I am surprised by joy whenever I hear a flock of geese overhead - though I have heard them a million times. I know that the magnolias on Oxford Street and the lilacs in Highland Park are getting ready to stun us with their beauty. Spring calls us from our winter caves of the spirit. That call is virtually irresistible. Get ready.

These are the times when I know this is home - this temperate climate that has real seasons with real differences, this turbulent clime about which we so often complain. That unpredictable pattern is so much more like life than the boredom of constant warmth and sunshine. The earth speaks here - every season in a different voice. We are privileged to be privy to her conversation.

Here we are precariously perched on the precipice of spring, trying to shake from our spirits the coldness of snow. The heart's winter is releasing its iron grip upon us. We are poised in anticipation of a warmer time.

I am not speaking only of the pageant of earth's seasons; I mean the procession of the winters and springs of the heart. Even in the glory of reviving spring, the reminders of winter deaths are about us - the yard reveals the refuse of the months. It is not unlike the soul - sometimes it is buoyant with new life, sometimes strewn with the remnants of broken dreams.

The soul's journey is as unpredictable as the weather - temperatures rise and fall with steady mathematical precision and they also leap and plummet with rude abruptness. There is just no telling.

But while we may escape winter's icy hold on our bodies, there is no escaping the coldness of the heart. Mostly, life is not so much an arctic or a tropic clime, but a temperate one which knows both cold and warmth.

There is no escaping the seasons of life - we simply learn to live with them - bundle ourselves against the cold or find cool refreshment from oppressive heat. We learn to live with them, for like the seasons, they pass on and away. But how joyous to know that now, for a fleeting moment, we are precariously perched on the precipice of spring.

Spring is a time for a thorough housecleaning of the soul, a time to sort out what is important and what is not, a time to shake off our sloth and take on energy from the earth. Spring, Passover, Easter, is a time when we are called to be cheerleaders of the spirit - when we emerge from the tomb of darkness and despair and find spring in our step again. The earth's throwing a party. You are invited. Do come.

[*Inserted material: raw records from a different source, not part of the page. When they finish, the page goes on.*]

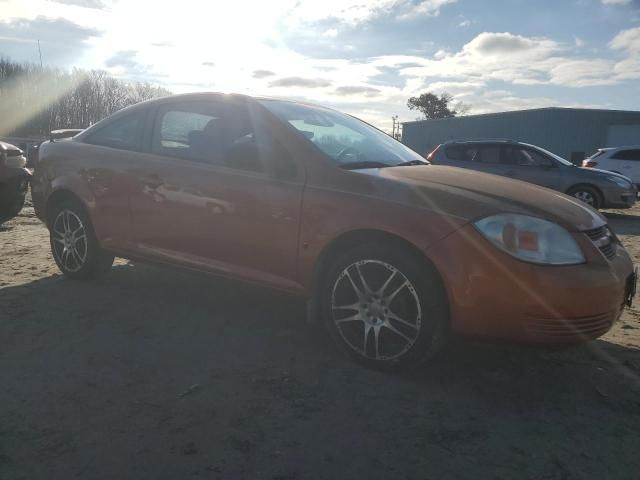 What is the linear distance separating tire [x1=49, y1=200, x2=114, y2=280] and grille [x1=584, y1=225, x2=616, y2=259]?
359 centimetres

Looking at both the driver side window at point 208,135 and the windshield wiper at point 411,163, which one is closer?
the driver side window at point 208,135

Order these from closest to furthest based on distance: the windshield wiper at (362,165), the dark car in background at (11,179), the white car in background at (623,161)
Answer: the windshield wiper at (362,165) → the dark car in background at (11,179) → the white car in background at (623,161)

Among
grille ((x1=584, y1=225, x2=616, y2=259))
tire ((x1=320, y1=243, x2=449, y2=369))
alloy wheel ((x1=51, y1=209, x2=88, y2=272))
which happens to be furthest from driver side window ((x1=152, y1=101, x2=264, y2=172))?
grille ((x1=584, y1=225, x2=616, y2=259))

A tomb is no place to stay,
Be it a cave in the Judean hills
Or the dark cavern of the spirit.

A tomb is no place to stay
When fresh grass rolls away the stone of winter cold
And valiant flowers burst their way to warmth and light.

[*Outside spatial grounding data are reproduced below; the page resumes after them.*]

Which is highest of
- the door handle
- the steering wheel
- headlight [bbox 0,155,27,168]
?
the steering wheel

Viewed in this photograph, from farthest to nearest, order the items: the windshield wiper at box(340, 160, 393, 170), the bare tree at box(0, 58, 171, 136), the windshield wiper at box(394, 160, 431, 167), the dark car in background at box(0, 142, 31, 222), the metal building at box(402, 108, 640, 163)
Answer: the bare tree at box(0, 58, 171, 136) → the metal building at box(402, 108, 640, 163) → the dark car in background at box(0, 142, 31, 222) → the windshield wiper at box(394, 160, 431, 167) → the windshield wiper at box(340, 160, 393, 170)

A tomb is no place to stay,
When each morning announces our reprieve,
And we know we are granted yet another day of living.

A tomb is no place to stay
When life laughs a welcome
To hearts which have been away too long.

Richard Gilbert
March 31, 2002

  1. "Enough" by Dorothy Parsons East in Celebrating Easter and Spring, edited by Carl Seaburg and Mark Harris. (Cambridge, MA: The Anne Miniver Press, 2000), p. 19.
  2. May Sarton, "The Invocation to Kali," A Grain of Mustard Seed. New York: W. W. Norton, 1971, p. 23.
  3. Psalm 30:5.
  4. "The Well-Dressed Man with a Bear," The Collected Poems of Wallace Stevens (New York; Alfred A. Knopf, 1954), p. 247.
  5. Hafiz/Rumi, in I Heard God Laughing, by Daniel Landinsky.